Hope FCU manually underwrites each mortgage, allowing the considering of non-traditional credit, including rent payments, utility payments, cell phone payments or payments to an appliance store to buy a washing machine. It can also look to bank statements to see how well a potential borrower handles their cash.

After looking at a member’s situation, sometimes Hope FCU can see they’re not ready for a mortgage yet. In those cases, they guide them on the steps they need to take to get approved down the road. “We tend not to let go of anybody,” Patterson said.

In one case, a woman moved in with her father. He owned the house, but soon moved away with the understanding that she would continue to pay the mortgage. However, the mortgage included a balloon payment, and when it arrived, the woman was not able to afford it.

The lender demanded full payment and was not willing to work out a compromise. The woman was on the verge of losing her house when a friend suggested she consult Hope FCU.

The credit union was able to arrange a purchase mortgage for the woman that allowed the balloon mortgage loan to be paid off, and the woman to buy the home from her father with a 30-year fixed rate mortgage through Hope FCU.

Hope COO Pearl Wicks said the credit union strives to “be creative and innovative.” Hope’s mortgages have performed well, in part because the new homeowners are paying less than they were as renters, and in part because the credit union has strengthened its bond with the members.

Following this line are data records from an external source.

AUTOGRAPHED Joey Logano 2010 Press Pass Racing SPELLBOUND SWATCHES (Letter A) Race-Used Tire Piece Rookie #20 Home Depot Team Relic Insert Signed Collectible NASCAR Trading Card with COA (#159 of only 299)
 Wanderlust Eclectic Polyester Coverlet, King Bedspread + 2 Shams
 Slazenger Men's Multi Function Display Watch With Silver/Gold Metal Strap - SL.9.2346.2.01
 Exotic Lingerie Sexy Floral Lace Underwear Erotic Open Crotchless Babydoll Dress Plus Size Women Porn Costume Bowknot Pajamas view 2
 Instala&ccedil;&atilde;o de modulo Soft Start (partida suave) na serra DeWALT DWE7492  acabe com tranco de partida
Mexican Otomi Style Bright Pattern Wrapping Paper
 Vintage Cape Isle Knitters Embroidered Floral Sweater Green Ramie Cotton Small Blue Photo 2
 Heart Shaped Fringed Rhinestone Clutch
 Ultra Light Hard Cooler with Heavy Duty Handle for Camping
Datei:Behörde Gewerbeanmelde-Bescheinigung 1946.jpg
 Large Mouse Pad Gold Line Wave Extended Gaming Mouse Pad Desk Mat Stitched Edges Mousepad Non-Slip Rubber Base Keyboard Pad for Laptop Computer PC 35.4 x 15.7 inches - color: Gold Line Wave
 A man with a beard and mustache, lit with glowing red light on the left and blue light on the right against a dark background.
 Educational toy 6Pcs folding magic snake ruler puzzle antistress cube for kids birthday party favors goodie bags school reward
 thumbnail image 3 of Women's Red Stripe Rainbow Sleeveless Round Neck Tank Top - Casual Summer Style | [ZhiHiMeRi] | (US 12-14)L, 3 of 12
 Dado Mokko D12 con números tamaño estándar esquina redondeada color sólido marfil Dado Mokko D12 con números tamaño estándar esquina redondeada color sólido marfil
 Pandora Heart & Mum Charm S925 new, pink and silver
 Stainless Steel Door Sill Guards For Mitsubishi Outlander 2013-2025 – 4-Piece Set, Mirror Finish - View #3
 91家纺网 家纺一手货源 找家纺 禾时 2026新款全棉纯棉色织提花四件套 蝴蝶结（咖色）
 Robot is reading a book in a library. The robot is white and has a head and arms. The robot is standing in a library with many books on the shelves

“When you’re meeting members where they are, you’re not going to take losses, because members are committed to the credit union because the credit union is showing commitment to them,” Wicks said.

NeighborWorks America trains HUD-approved housing counselors through a network of agencies that helped 25,000 people last year. Many are referred to the counselors through credit unions or other responsible lenders.

One advantage these counselors offer to people struggling with housing decisions is that it has no interest in selling them a mortgage, Hoskins said. If remaining a renter is the best option, the counselor has no interest in telling them otherwise. Those who emerge from counseling with the ability to buy a home are better credit risks.

“A well-educated consumer is going to be a sustainable homebuyer,” she said.

Mahon, of Inclusiv, saw some of the foreclosure losses firsthand in the early 2000s when she was working with low-income advocacy organizations in New York.

Mahon said predatory lenders targeted equity-rich, income-poor households for a host of mortgage schemes.

Finance companies often lured the homeowner into a new or refinanced mortgage, emphasizing the features that would entice them – usually focusing on low monthly initial payments – while downplaying the significance of a balloon payment down the road, and hiding terms and servicing practices designed to ensure that a profitable percentage of borrowers would fail, and thereby generate more fees.

Sometimes they encouraged homeowners to shift their unsecured credit card debt to a mortgage – allowing them to bet their homes on consumer debt.

“They were going after homes that were owned by predominantly African Americans,” Mahon said. “People literally had their homes stolen from them.”

She remembers an elderly couple in Brooklyn’s Bushwick neighborhood who lost their home. They were retired civil servants who had lived in the same home for the past 40 years. They owned it outright, but had tax liens and were lured into a predatory mortgage.

“They finally had a jumbo payment, and couldn’t come up with the money,” she said.